Linkin Park's fifth album was released on June 20, 2012, is this an album back to its origins?

Although the reviews have talked about combining Linkin's first two albums with the last two albums to this album, we actually think differently, we think this album is Linkin's natural evolution.

Just to refresh your memory, the band's first two albums "Hybrid Theory" released in 2000, and "Meteora" released in 2003, absolutely exploded powerfully and made the band one of the most popular and big bands in the early 2000s when Nu-Metal flourished. The next two albums, "Minutes to Midnight" released in 2007, and "A Thousand Suns" released in 2010 were a sharp turn in the band's musical style, softening is the right word. The band began to explore the world of electronics, the world of sound layers, and the world of melody in other and completely different regions than before.

So true, the power of the electronics and drama of the effects sounds much smaller than in the previous album and indeed the guitar work is a bit reminiscent of the first albums but there is no doubt that the whole sound, electronic layouts, lyrics, and dynamics of the songs are light years away from the first two albums.

The recordings for the album lasted about a year with Mike Shinoda and Rick Rubin again working as co-producers on the album. Rick as before gave full freedom of action to the veteran team with Mike's leadership and he only met them once a week to give feedback and advice on certain points.

The band members wrote and worked on the album during the tour of the previous album and even though they were already worn out from the shows they felt like they had a “muse” and the creativity poured out of them. Chester Bennington said that despite the attrition and exhaustion they decided they were not stopping the flow of creativity and continued to work on the album only in lower gear. Mike said they felt they were taking everything they had learned to date and were able to improve the sound and dynamics of the songs.

This is what he said in an interview about the album:

"It doesn't lose any of the creativity of the newer stuff and it brings in the energy of the older stuff. It's kind of a comprehensive sound. I feel like we've been able to take all the stuff we've learned on the way and put it all together in each song and still keep it fresh and forward-thinking."

So for us, this album is not a combination of the first two albums with the two albums that came after them but is the sound development of the band after what they learned, researched, and experienced in the four albums that preceded this album, the sound of evolution seems to us to be the right definition.

(Photo: James Minchin)

Another thing, if we take Linkin's last four albums, we feel that this album is a lighthouse spring, the summit of the parabola.

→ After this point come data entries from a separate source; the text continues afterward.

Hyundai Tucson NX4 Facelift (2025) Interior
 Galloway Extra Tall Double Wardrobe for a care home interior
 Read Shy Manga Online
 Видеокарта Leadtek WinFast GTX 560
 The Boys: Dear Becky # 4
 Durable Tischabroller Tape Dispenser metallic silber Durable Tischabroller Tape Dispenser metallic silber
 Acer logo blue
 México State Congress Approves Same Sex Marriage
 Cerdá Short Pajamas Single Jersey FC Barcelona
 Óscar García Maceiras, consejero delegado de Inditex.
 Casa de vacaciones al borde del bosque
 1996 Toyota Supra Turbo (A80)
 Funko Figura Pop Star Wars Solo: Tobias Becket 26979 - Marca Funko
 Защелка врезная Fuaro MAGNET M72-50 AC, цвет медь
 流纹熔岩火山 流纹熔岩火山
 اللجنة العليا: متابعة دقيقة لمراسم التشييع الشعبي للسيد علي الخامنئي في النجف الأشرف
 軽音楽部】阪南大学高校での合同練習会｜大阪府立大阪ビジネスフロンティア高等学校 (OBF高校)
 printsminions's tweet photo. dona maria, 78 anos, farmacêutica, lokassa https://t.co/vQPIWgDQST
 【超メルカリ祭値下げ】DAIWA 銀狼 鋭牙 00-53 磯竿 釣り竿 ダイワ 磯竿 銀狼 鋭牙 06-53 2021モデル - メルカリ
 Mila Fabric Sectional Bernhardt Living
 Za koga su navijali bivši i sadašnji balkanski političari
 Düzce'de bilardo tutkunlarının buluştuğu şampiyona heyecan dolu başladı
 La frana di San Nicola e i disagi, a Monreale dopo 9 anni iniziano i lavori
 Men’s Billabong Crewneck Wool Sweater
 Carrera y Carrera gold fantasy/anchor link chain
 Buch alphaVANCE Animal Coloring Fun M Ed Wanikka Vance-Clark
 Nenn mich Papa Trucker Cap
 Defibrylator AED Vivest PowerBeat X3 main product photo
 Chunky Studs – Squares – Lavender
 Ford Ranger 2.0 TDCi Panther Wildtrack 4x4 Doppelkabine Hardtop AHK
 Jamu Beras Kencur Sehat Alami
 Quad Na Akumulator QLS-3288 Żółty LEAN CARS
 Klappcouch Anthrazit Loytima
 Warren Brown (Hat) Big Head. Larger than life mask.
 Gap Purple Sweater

In the two albums before it, the band went in different electronic and melodic directions, and with the two albums that followed it, the band broke towards extreme rock and then broke again towards extreme pop, this album feels most sane to us in the new era of Linkin, a band that went through a lot In its career it finds the balance of everything it has learned, tried and performed until that album.

This album of course took first place on the Billboard chart and sold over two hundred thousand copies in its first week. In addition, it also topped the charts in 17 other countries making it Linkin's only album to conquer so many charts peaks throughout their careers.